DATA FOR THIS EXERCISE:
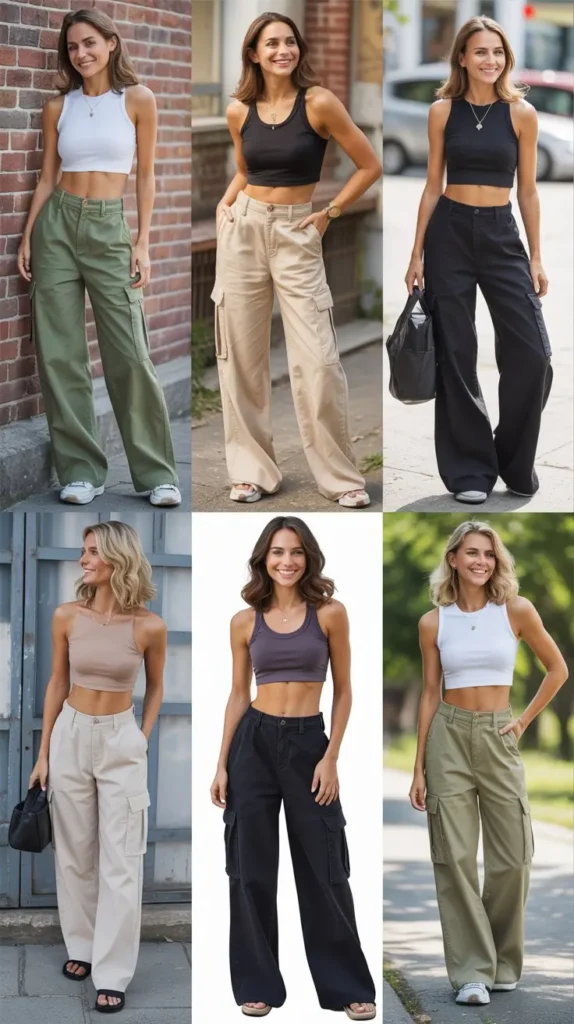 Cargo Pants with Crop Tops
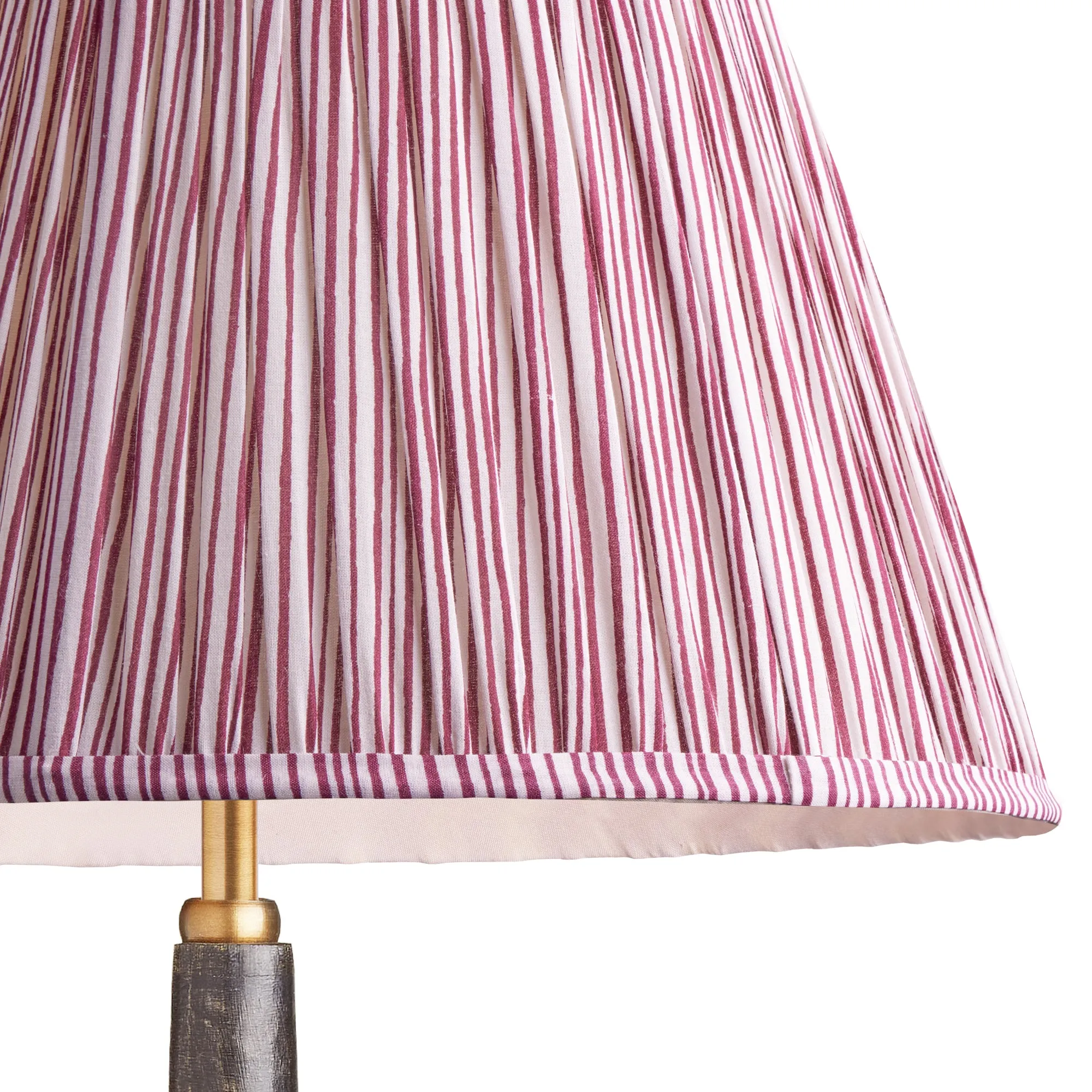 20cm empire shade in ruby candy stripe block printed cotton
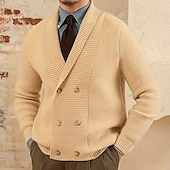 abordables suéter de la rebeca de los hombres-Hombre Vestido Suéter Chaqueta de Punto Suéter de punto Estriado Tejer Tops regulares Abotonar Bolsillos laterales Color sólido Diseño Moda Clásico Ropa Cotidiana Cita Ropa Otoño invierno Negro Color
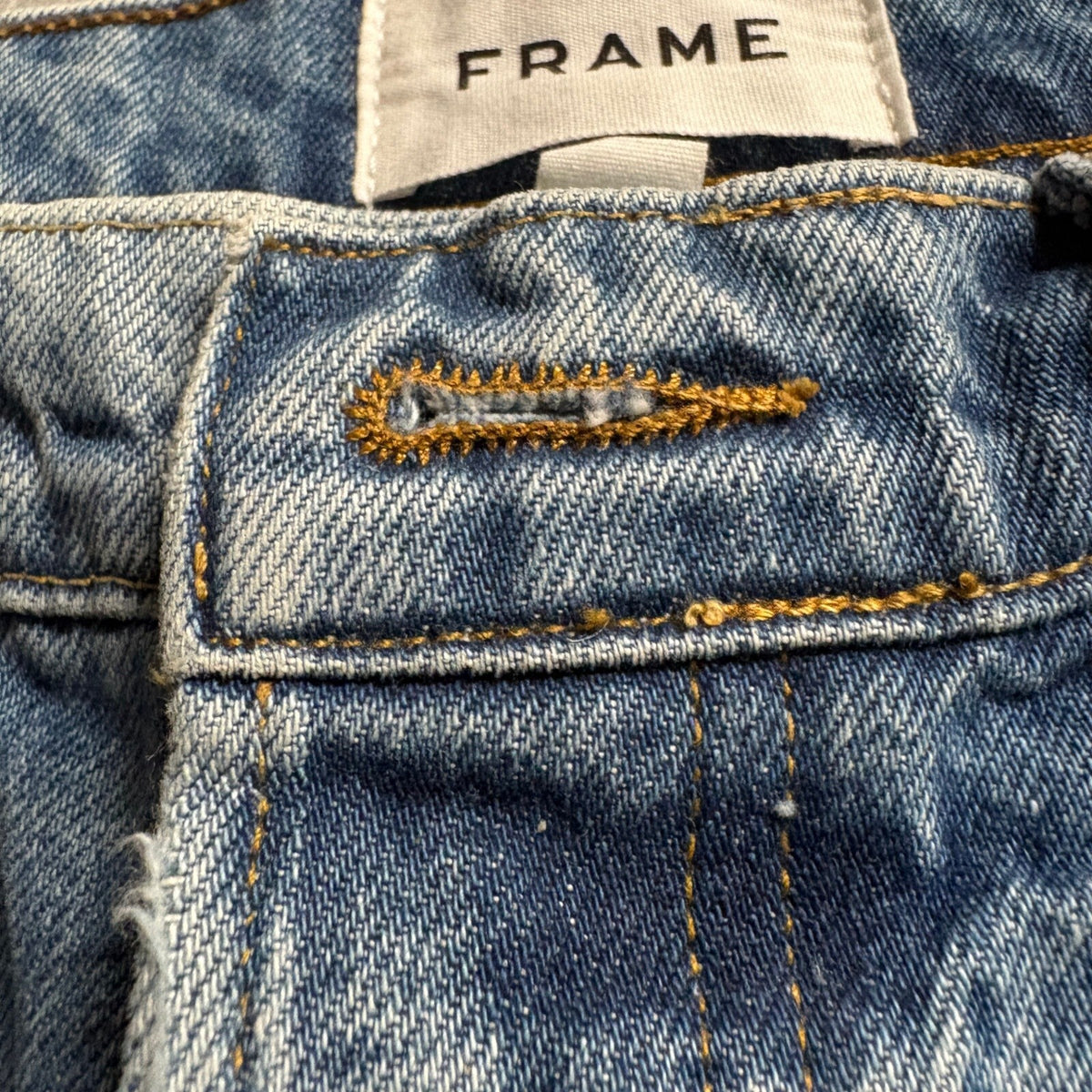 FRAME Le Slouch Denim Jeans Womens Size 24 Bluejay Rips Distressed Button Fly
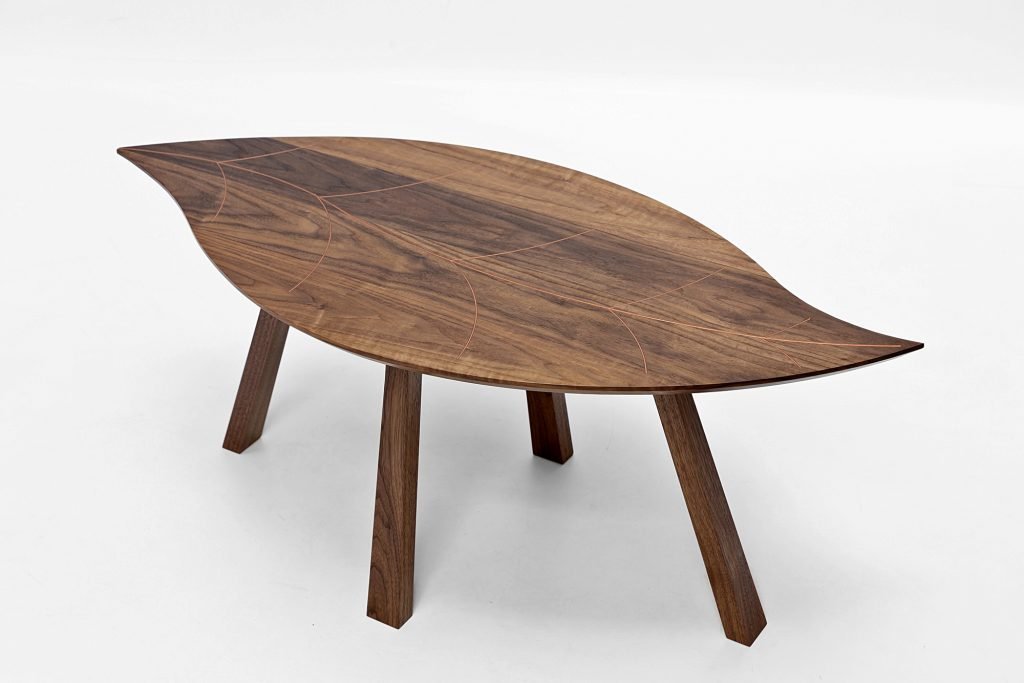 Leaf Shape Solid Wood Coffee Table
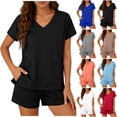 thumbnail image 1 of Bloomae Womens Two Piece Sets Summer V Neck Basic Solid Color Athletic Workout Short Sets Loose Casual Side Slit Short Sleeve Pullover Tops and Drawstring Elastic Waist Shorts with Pockets Orange S, 1 of 7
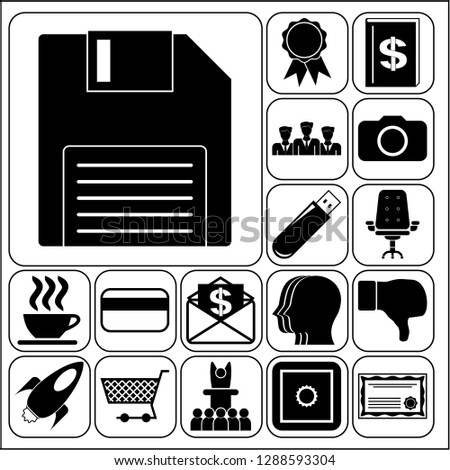 Set of 17 business icons. Collection. Detailed design. Vector Illustration.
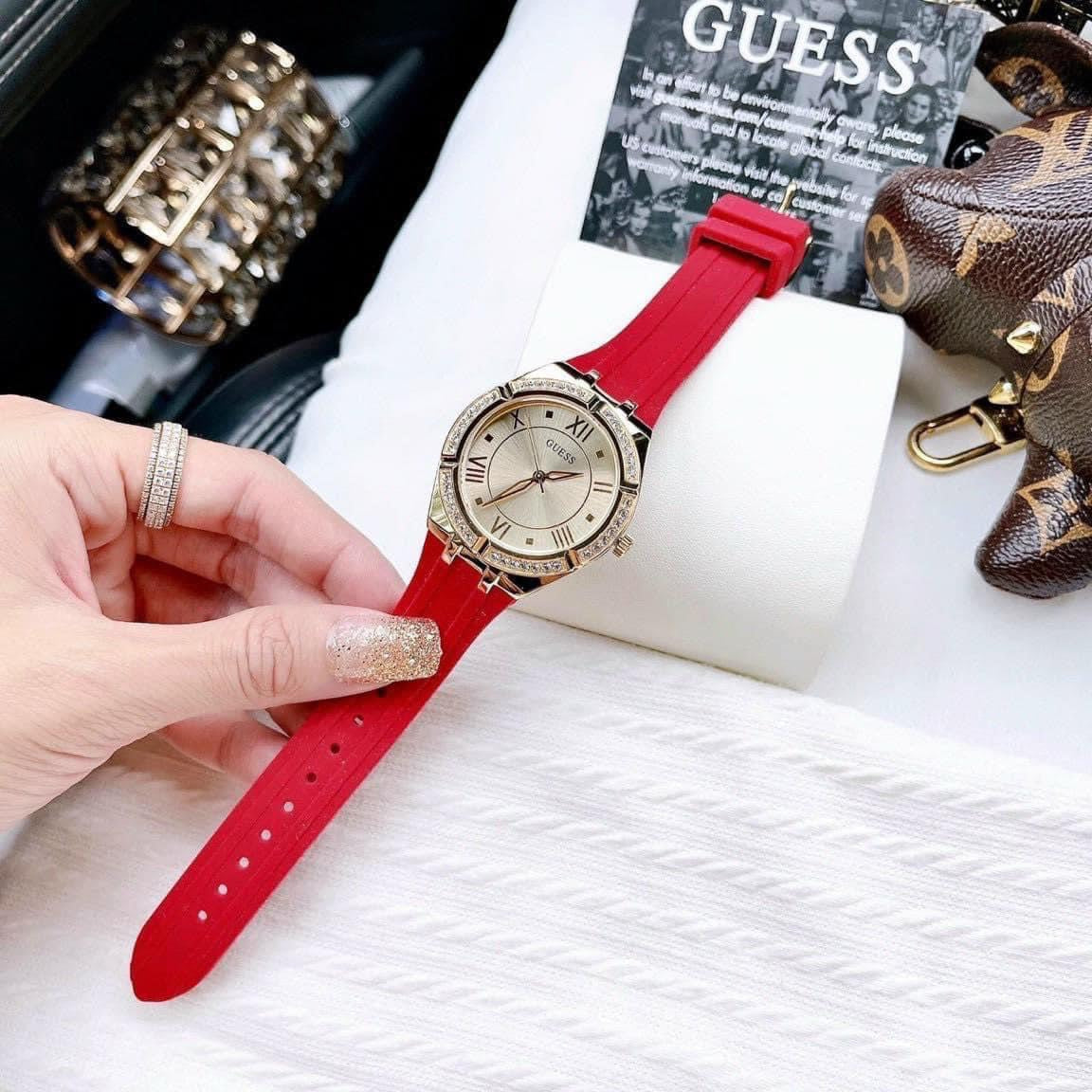  Shop Authentic Guess Cosmo Diamonds Gold Dial Red Rubber Strap Watch for Women - GW0034L6 - Luxxuri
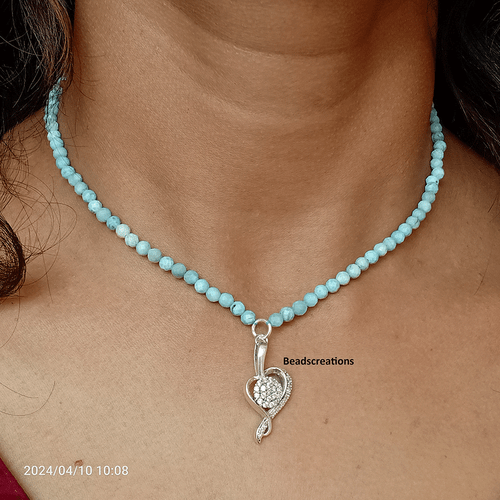 AAA Faceted Larimar Rondelle Pendant Gemstone Jewelry Necklace Gift Her - Picture 5 of 5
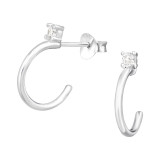 Half Hoop - 925 Sterling Silver Stud Earrings with CZ SD41304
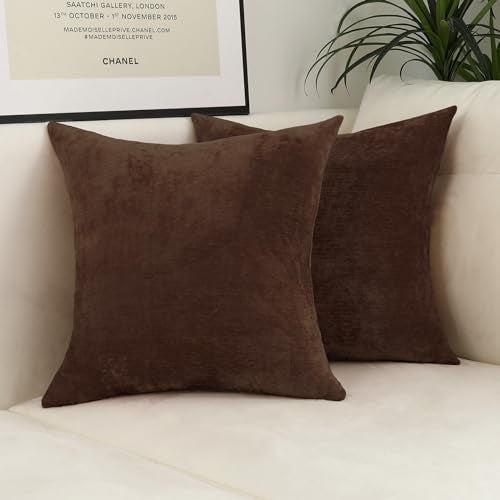 Jeneoo Coffee Brown Decorative Throw Pillow Covers Soft Chenille Comfy Solid Couch Cushion Case Decor (Set of 2, 18 x 18 Inches) - Image 2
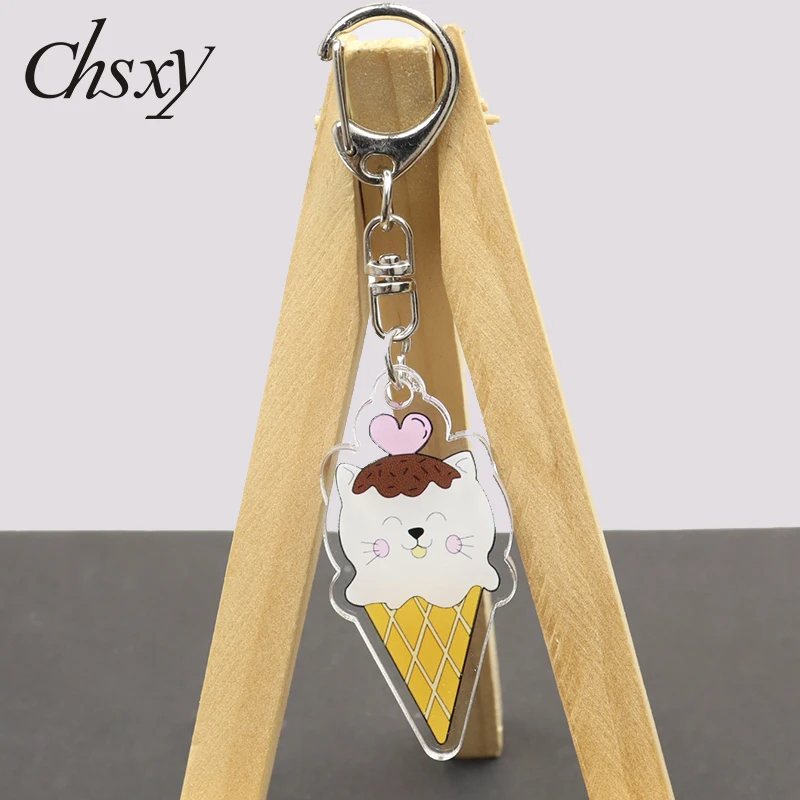 

Cute Cat Dog Kitten Puppy Cone Kawaii Acrylic Keychains Holder Ice Cream Key Chain Keyrings For Bag Car Unisex Jewelry Gifts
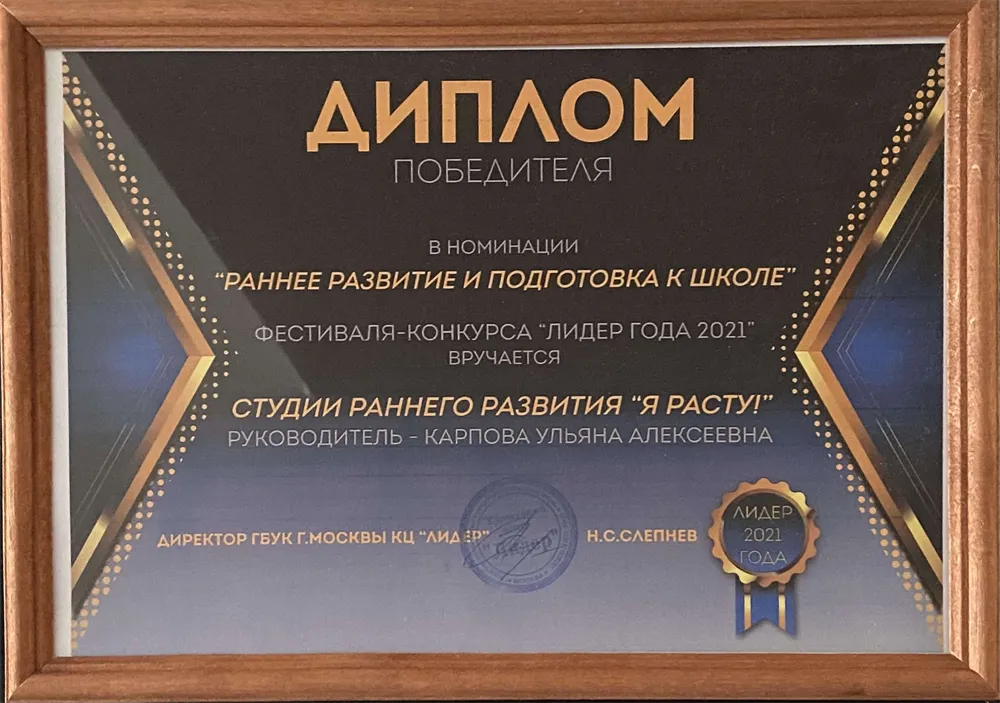 Диплом победителя в номинации «Раннее развитие и подготовка к школе» 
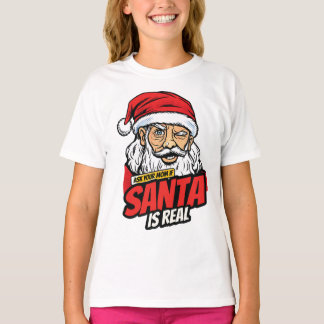 T-shirt Santa Is Real – Ask Your Mom Pop Art Winking Santa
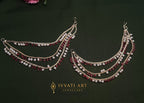 ivvati pearl ruby kaanchain ear chain traditional jewellery for women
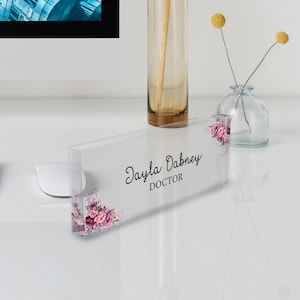 Personalized Acrylic Desk Name, Acrylic Desk Name Plate, Custom Name Wedge, Customized Acrylic Desk Executive Personalized Desk Plate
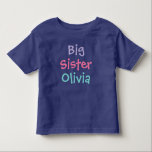 Big Sister Colourful Monogram Girl's<br><div class="desc">Customise this stylish big sister girl's t-shirt with the child's name.  Violet purple,  bright pink,  and aqua blue colours - many shirt style,  size,  and colour options available.</div>
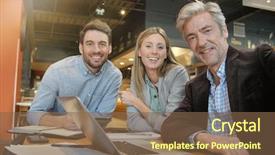  Presentation with team meeting - Amazing PPT layouts having sales team smiling at camera backdrop and a tawny brown colored foreground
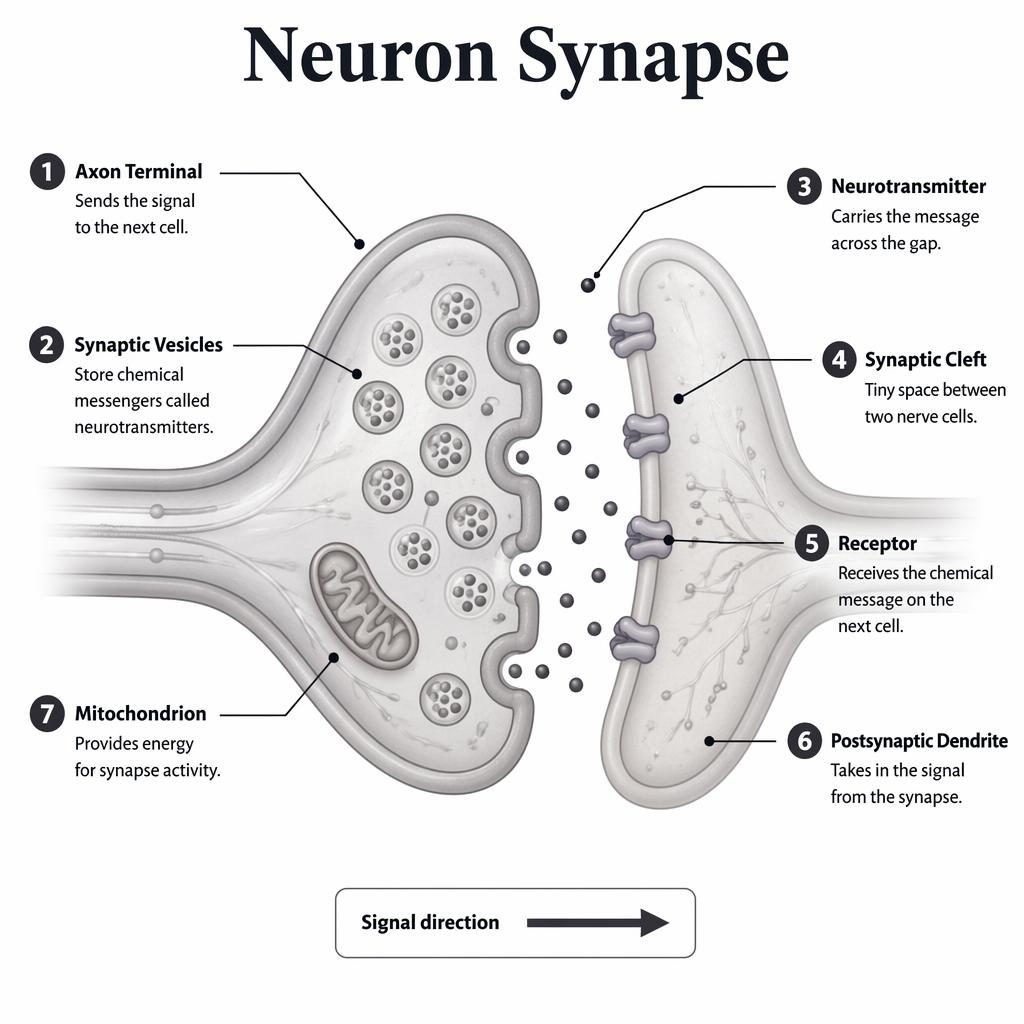 Monochrome medical infographic of a human neuron synapse cross-section with 7 labeled parts, captions, and signal direction arrow.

TASK DESCRIPTION:
Copy needed, without pictures: the lines of the listing above from the line containing "Диплом победителя в" up to and including the line containing "Big Sister Colourful", set down exactly.

SOLUTION TO THE PROBLEM:
 Диплом победителя в номинации «Раннее развитие и подготовка к школе» 
 T-shirt Santa Is Real – Ask Your Mom Pop Art Winking Santa
 ivvati pearl ruby kaanchain ear chain traditional jewellery for women
 Personalized Acrylic Desk Name, Acrylic Desk Name Plate, Custom Name Wedge, Customized Acrylic Desk Executive Personalized Desk Plate
 Big Sister Colourful Monogram Girl's<br><div class="desc">Customise this stylish big sister girl's t-shirt with the child's name.  Violet purple,  bright pink,  and aqua blue colours - many shirt style,  size,  and colour options available.</div>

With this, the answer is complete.